Office Hours: Mon-Wed: 08:00-12:00, 13:00-16:30 | Thu-Fri: 08:00-12:00

Surgical Therapy

When should I have surgery?

  • Recurrence or complications despite medical therapy

  • Failure or side effects of medical treatment

  • Patients who do not want to be dependent on medications for the rest of their lives

  • Very large hiatal hernias (mechanical problems, risk of incarceration)

  • Long-term patients concerned about the side effects of medication

  • Patients who want to eliminate the mechanical cause of reflux

Goal of Surgical Therapy

In principle, the mechanical problems that lead to reflux disease can only be solved surgically.

The primary goal of surgery is to move the hernia contents (usually the upper part of the stomach) from the thoracic cavity back into the abdominal cavity. In addition, the enlarged diaphragmatic opening must be reduced in size (see illustrations).

Other surgical steps are then taken to prevent reflux. A variety of procedures are used. Only a few of these have become established. We have divided them into older and modern procedures.

Widened diaphragmatic hiatus

Diaphragm reconstruction (dorsal hiatoplasty)

Older Procedures

Laparoscopic Fundoplication

Nissen fundoplication (first described in 1956) and Toupet fundoplication (first described in 1963)

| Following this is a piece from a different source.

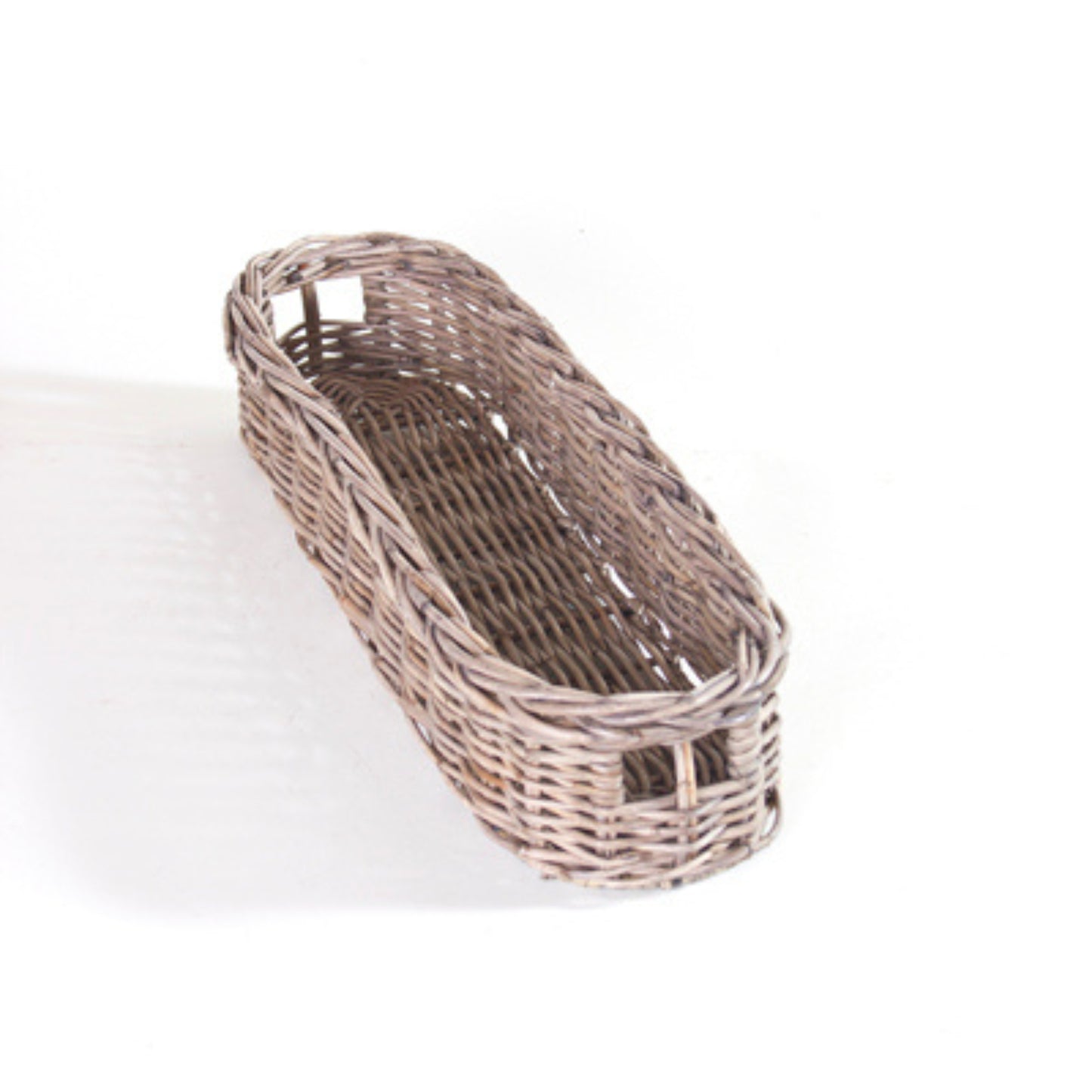 BREAD BASKET SMALL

Nissen fundoplication (see illustration) and Toupet fundoplication (see illustration) are classic standard procedures. In both procedures, a gastric cuff is placed around the lowest part of the esophagus (fundoplication). A 360° cuff is used in the Nissen procedure and a 270° cuff in the Toupet procedure. The Toupet procedure has been our preferred procedure for 18 years. The placement of this cuff prevents stomach acid or stomach contents from flowing back into the esophagus.

However, the side effects of “cuffing” can be very unpleasant. As these techniques result in a kind of “valve mechanism”, burping and vomiting are virtually impossible. For these reasons, we practically abandoned these procedures ten years ago in favor of cuffless surgery. Since then, our clearly preferred procedure for the treatment of reflux disease and any diaphragmatic hernia has been our modified BICORN procedure, which we perform exclusively using minimally invasive techniques (see Modern Procedures).

Nissen fundoplication (posterior 360° cuff)

Toupet fundoplication (posterior 270° cuff)

Modern Procedures

BICORN procedure (first performed in 2004, B. Ablassmaier)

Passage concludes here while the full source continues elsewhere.